BEIJING – China said Tuesday that a boy who disappeared 25 years ago after being picked by the Dalai Lama as Tibetan Buddhism’s second-highest figure is now a college graduate with a stable job.
Very little information has been given about Gedhun Choekyi Nyima or his family since he went missing at age 6 shortly after being named the 11th Panchen Lama.
China, which claims that Tibet is part of its territory, named another boy to the position, Gyaltsen Norbu, who is rarely seen and is believed to spend most of his time in Beijing. He is generally viewed as a political figure under Beijing's control and shares none of the Dalai Lama's global fame.
Foreign ministry spokesperson Zhao Lijian said Gedhun Choekyi Nyima “received free compulsory education when he was a child, passed the college entrance examination and now has a job." Zhao said neither the now-31-year-old man or his family wishes to be disturbed in their “current normal lives.” No other details were given.

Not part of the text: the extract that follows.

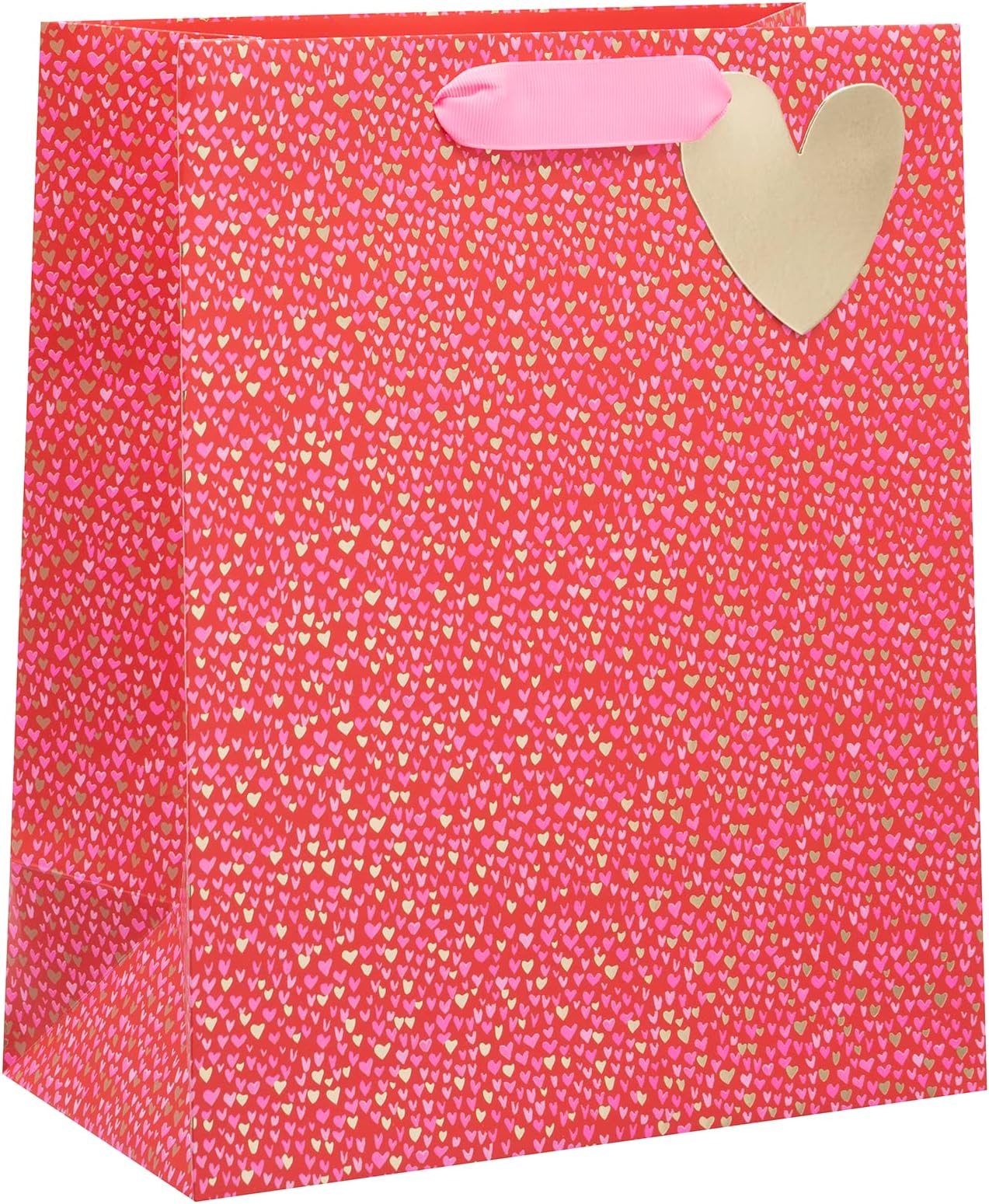 Glick Valentines Day Gift Bag Large Size, Red Hearts Gift Bag, Valentine's Gift Bag, PS Hearts Valentine Bag for Gifts, 1 Piece - Red, Pink, Gold, 315mm x 260mm x135mm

The tussle between Beijing and the Dalai Lama, who fled into exile in 1959, concerns who will determine the future of Tibetan Buddhism, which still commands heavy sway over the people of the Himalayan region that China says has been its territory for centuries but which many Tibetans believe was largely independent.

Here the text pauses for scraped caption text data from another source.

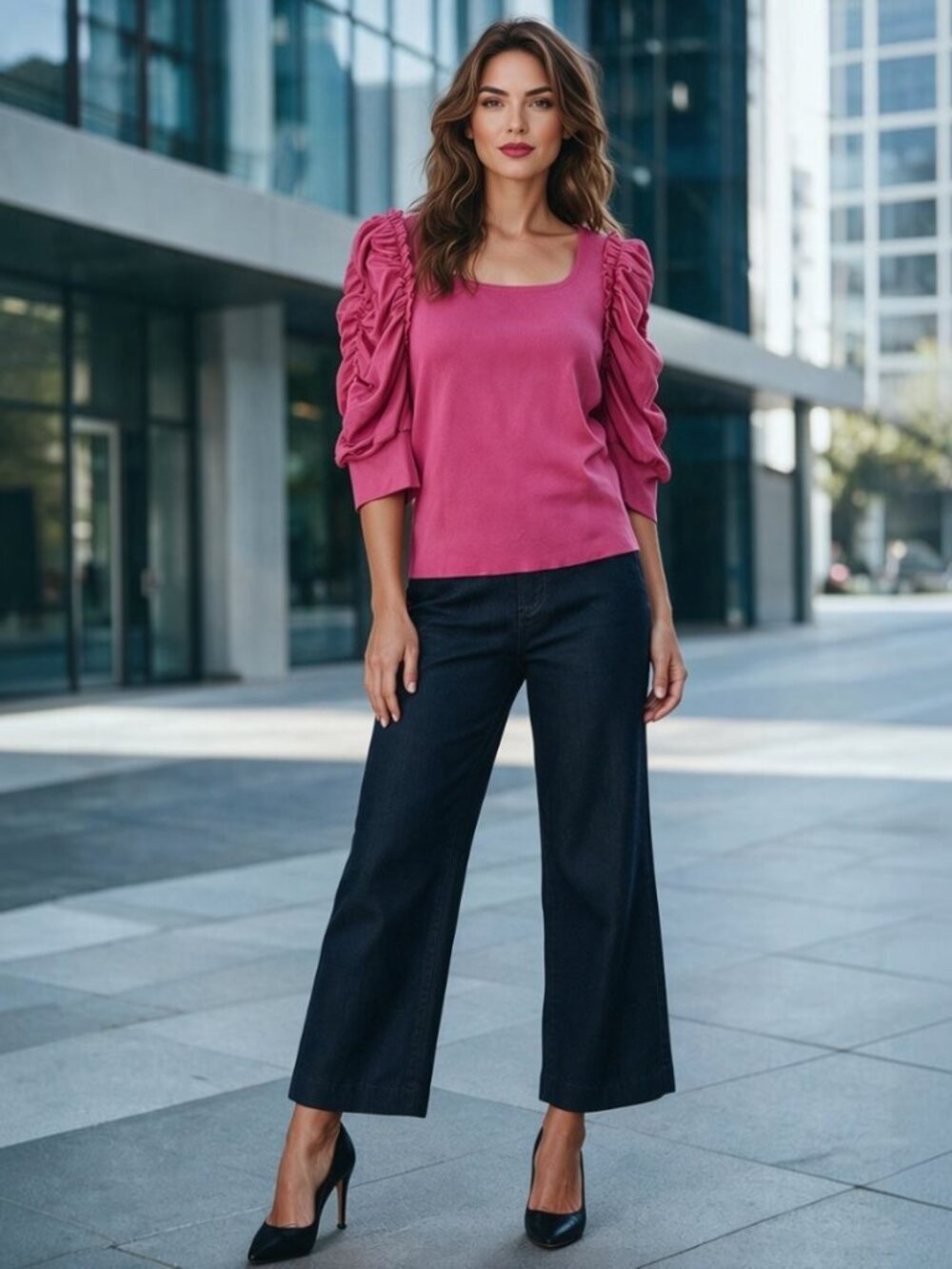 Nanette Lepore Ruffle Sleeve Top in Pink XL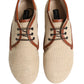Beige Canvas Lace-Up Men Dress Derby Shoes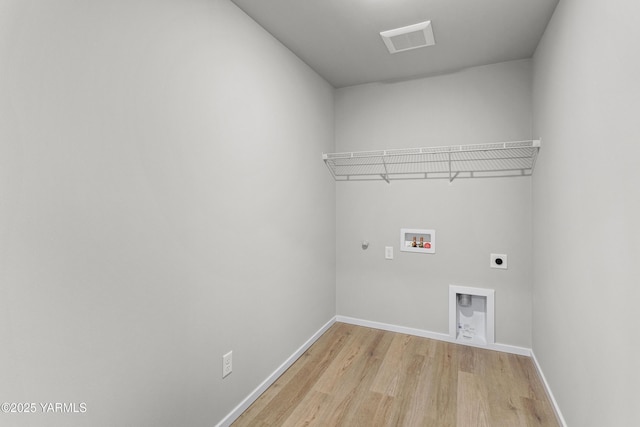 518 Chinook Winds Ln Lot 10, Tieton, WA 98947 - laundry room with electric dryer hookup, light wood-style floors, laundry area, visible vents, and washer hookup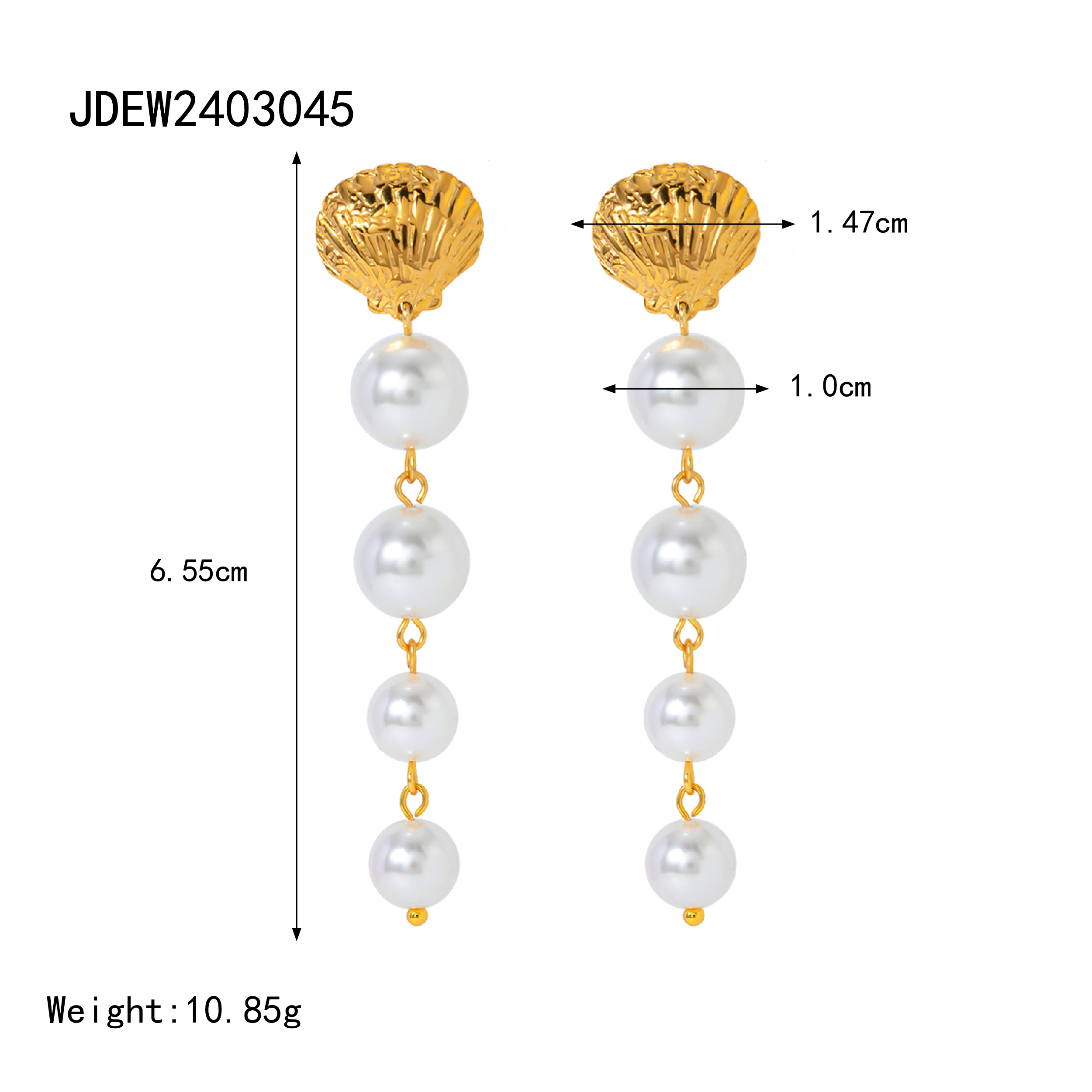 1 Pair IG Style Beach Shell Pearl 304 Stainless Steel 18K Gold Plated Drop Earrings display picture 1
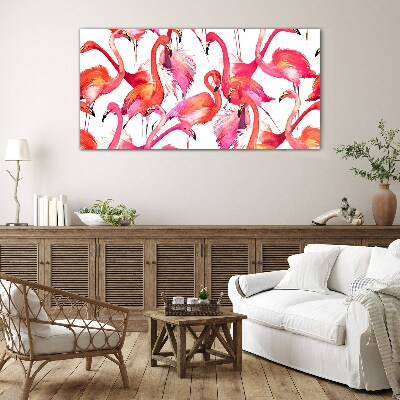 Pink flamingos in a tropical dance Glass Wall Art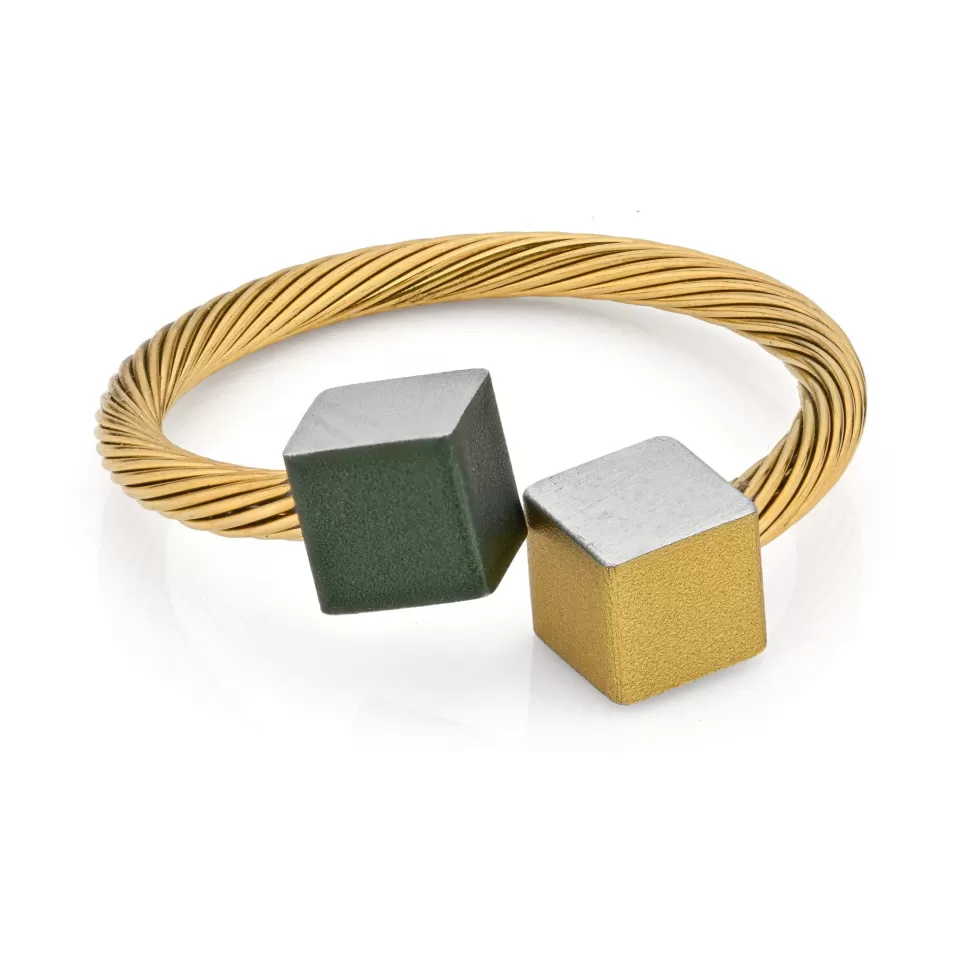 Store CLIC by Suzanne Gouden Ring Kubusjes Groen Goud Rg4Grg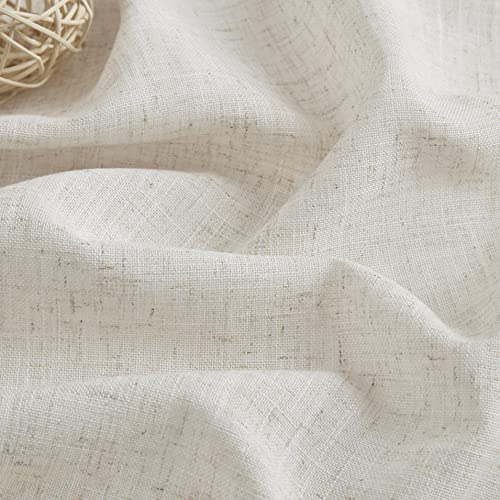 Vision Home Natural Linen Pinch Pleated Semi-Sheer Curtains 42x84 Inches Pack of 2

Tibet’s self-declared government-in-exile in India marked the 25th anniversary of Gedhun Choekyi Nyima's disappearance by calling on Beijing on Sunday to account for his whereabouts.
“China’s abduction of the Panchen Lama and forcible denial of his religious identity and right to practice in his monastery is not only a violation of religious freedom but also a gross violation of human rights,” the Tibetan parliament in northern India, known as the Kashag, said in a statement.
U.S. Secretary of State Mike Pompeo also issued a statement on Monday calling on China to “immediately make public the Panchen Lama’s whereabouts and to uphold its own constitution and international commitments to promote religious freedom for all persons."
The Dalai Lama named the original Panchen Lama with the help of Tibetan lamas trained in reading portents and signs. China claims the reincarnate can only be chosen by pulling lots from a golden urn, a method it used to pick its own candidate under the control of the officially atheistic ruling Communist Party.
Traditionally, the Panchen Lama has served as teacher and aide to the Dalai Lama, Tibetan Buddhism’s highest leader who is now 84 and is accused by Beijing of seeking independence for Tibet. The Dalai Lama denies that and says he advocates greater autonomy for the region.